American Ninja Challenge was a nationwide competition sponsored by G4 TV to send a number of American citizens to Japan to compete in the TBS hit TV show Sasuke (known as Ninja Warrior in US). American Ninja Challenge has been held since Sasuke 19 (the 19th competition) and currently merged into the TV series American Ninja Warrior that premiered on December 12, 2009 and succeeded American Ninja Challenge.

Episodes

Ninja Fest (2006)

G4's Attack of the Show hosts Kevin Pereira and Olivia Munn broadcast a competition to ninja aspirees everywhere to create a video displaying their 'ninja moves'. Hundreds of people sent in submissions, and three finalists were selected. Through various competitions in America, the two winners were chosen; Collin Bell from Washington and Brett Sims from South Carolina went to Japan. They then participated in the Ninja Warrior Sasuke tournament.

Ninja Fest 2 (2007)

Once the videos were sent in, six finalists were chosen. The six finalists were: Russelis Perry aka "Blackie Chan") from Colorado Springs, Colorado; martial artist Joe Simonsen from West Islip, New York; Freerunner Brian Orosco from San Francisco, California; Rick Seedman from New York City, New York; freerunner Levi Meeuwenburg from Ann Arbor, Michigan; and Mark Witmer from Minneapolis, Minnesota.

These six finalists then went to a US Navy training camp, where they competed on a marine training obstacle course. In '1v1' challenges, three of the six competitors were eliminated. Once there were three challengers left, they competed on an improvised course consisting of several of the new Ninja Warrior's most difficult obstacles.

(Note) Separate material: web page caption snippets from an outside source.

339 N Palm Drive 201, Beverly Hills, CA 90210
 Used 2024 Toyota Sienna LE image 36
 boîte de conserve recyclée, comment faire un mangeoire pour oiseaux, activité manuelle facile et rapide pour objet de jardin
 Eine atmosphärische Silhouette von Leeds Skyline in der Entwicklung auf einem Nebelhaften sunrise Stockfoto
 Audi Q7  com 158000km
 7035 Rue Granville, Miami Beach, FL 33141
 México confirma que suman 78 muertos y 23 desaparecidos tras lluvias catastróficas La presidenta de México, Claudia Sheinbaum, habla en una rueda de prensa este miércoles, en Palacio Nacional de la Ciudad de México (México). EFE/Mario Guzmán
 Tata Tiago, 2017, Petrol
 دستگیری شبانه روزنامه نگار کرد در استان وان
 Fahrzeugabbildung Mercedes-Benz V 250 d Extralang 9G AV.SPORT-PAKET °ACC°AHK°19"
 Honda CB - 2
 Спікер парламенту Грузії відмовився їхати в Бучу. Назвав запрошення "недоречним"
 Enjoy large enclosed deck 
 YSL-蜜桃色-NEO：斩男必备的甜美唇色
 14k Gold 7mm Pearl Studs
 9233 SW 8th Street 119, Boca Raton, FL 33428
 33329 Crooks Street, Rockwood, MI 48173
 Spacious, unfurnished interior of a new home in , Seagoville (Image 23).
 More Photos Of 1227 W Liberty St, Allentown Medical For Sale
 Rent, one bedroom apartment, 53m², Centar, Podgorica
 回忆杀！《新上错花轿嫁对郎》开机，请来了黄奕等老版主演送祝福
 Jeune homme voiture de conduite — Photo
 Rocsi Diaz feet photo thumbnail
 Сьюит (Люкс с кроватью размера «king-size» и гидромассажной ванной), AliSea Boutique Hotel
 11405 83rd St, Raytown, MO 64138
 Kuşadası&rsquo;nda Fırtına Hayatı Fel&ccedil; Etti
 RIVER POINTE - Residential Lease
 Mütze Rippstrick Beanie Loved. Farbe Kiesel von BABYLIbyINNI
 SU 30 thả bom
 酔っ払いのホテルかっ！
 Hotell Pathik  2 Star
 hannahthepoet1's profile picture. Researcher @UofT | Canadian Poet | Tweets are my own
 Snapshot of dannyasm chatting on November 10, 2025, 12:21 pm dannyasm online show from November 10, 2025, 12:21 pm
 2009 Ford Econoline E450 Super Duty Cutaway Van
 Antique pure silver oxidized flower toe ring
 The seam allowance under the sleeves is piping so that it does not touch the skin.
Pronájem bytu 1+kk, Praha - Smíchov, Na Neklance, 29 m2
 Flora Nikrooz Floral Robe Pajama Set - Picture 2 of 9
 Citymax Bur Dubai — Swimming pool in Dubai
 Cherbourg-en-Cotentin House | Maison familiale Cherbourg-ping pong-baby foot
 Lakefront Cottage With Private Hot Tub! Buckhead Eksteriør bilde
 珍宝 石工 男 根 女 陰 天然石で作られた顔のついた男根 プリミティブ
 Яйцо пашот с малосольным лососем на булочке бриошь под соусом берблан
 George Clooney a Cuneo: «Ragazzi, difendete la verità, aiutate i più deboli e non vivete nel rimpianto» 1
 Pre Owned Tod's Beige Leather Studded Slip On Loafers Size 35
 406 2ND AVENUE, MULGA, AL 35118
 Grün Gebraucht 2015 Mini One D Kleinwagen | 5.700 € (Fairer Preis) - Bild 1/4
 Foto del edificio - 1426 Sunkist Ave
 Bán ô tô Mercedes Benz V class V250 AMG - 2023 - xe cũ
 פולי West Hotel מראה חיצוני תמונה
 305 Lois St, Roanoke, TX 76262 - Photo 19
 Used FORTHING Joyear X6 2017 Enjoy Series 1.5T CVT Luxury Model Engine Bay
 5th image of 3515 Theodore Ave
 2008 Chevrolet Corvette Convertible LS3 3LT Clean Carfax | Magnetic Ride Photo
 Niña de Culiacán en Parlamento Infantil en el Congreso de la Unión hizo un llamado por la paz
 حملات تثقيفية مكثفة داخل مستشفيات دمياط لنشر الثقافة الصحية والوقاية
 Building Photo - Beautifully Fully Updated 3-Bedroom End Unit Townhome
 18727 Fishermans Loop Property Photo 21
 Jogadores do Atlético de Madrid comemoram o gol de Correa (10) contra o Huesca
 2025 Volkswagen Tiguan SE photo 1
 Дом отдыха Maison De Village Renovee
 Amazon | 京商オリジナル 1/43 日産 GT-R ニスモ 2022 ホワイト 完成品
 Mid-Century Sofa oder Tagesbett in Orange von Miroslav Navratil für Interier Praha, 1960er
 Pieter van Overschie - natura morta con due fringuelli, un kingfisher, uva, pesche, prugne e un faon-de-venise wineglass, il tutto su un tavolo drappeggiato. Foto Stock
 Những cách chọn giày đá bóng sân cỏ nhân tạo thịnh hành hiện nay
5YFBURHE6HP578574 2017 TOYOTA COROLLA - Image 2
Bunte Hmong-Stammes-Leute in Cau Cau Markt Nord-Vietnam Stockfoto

The winner, Levi Meeuwenberg, cleared it in 45 seconds, followed by Brian Orosco at 1:12 and Russelis Perry in third place at 1:16. In Japan the two top finalists Levi and Brian were joined by former finalist Brett Sims to take on the course at Midoriyama.

Trip to Japan

Levi and Brian, prior to leaving for Japan, met with U.S. Olympic athlete and Ninja Warrior competitor Paul Terek, who has reached the third stage in past Ninja Warrior competitions. Paul trained them in strategies and tactics to quickly and successfully defeat some of the trickier obstacles of Ninja Warrior. Afterward, they headed to Japan, where they enjoyed Japanese culture and met for a dinner with Ninja Warrior's all-stars, including Makoto Nagano, the winner of the 17th Ninja Warrior tournament. Some other all-stars they met were: Shingo Yamamoto, gas station manager, and firefighter Toshihiro Takeda, who has reached the third stage more than any other competitor.

Ninja Fest 3 (2008)
The third American Ninja Challenge contest by G4 wrapped up in August 2008, and aired as part of November 12, 2008. Viewers got to vote for their favorite competitors and the top three would be picked and flown directly to Japan to compete in Sasuke 21. The three winners were Brian Orosco (who qualified with a different video), gymnast Mark Witmer of Minneapolis, Minnesota, and freerunner/stuntwoman Luci Romberg (the first woman to qualify) of Valley Village, California. These winners joined American Ninja Challenge 2 winner Levi Meeuwenberg and both hosts from Attack of the Show!, Olivia Munn and Kevin Pereira to compete. In Japan, they have the ultimate experience, along with training at Muscle Park, a scaled-down version of the Sasuke course located in a section of shopping mall called "Muscule Park".

Ninja Fest 4 (2009)
The fourth and final Ninja Challenge contest winner was David Campbell. He joined up with former Ninja Challenge winners Luci Romberg and Levi Meeuwenberg to compete in Sasuke 22. Also joining them was the returning host Olivia Munn for the run to the top of mount Midoriyama. This season concluded the American Ninja Challenge, which subsequently evolved into its own national format - American Ninja Warrior.  Beginning with the 4th season of American Ninja Warrior, the qualifiers would compete on a replicated Sasuke Midoriyama course in the Las Vegas, USA (and no longer participate in the Japanese version of the show). Beginning with ANW5, additional "Special" competitions would also be arranged between the finalists of the Japanese and USA editions of the show.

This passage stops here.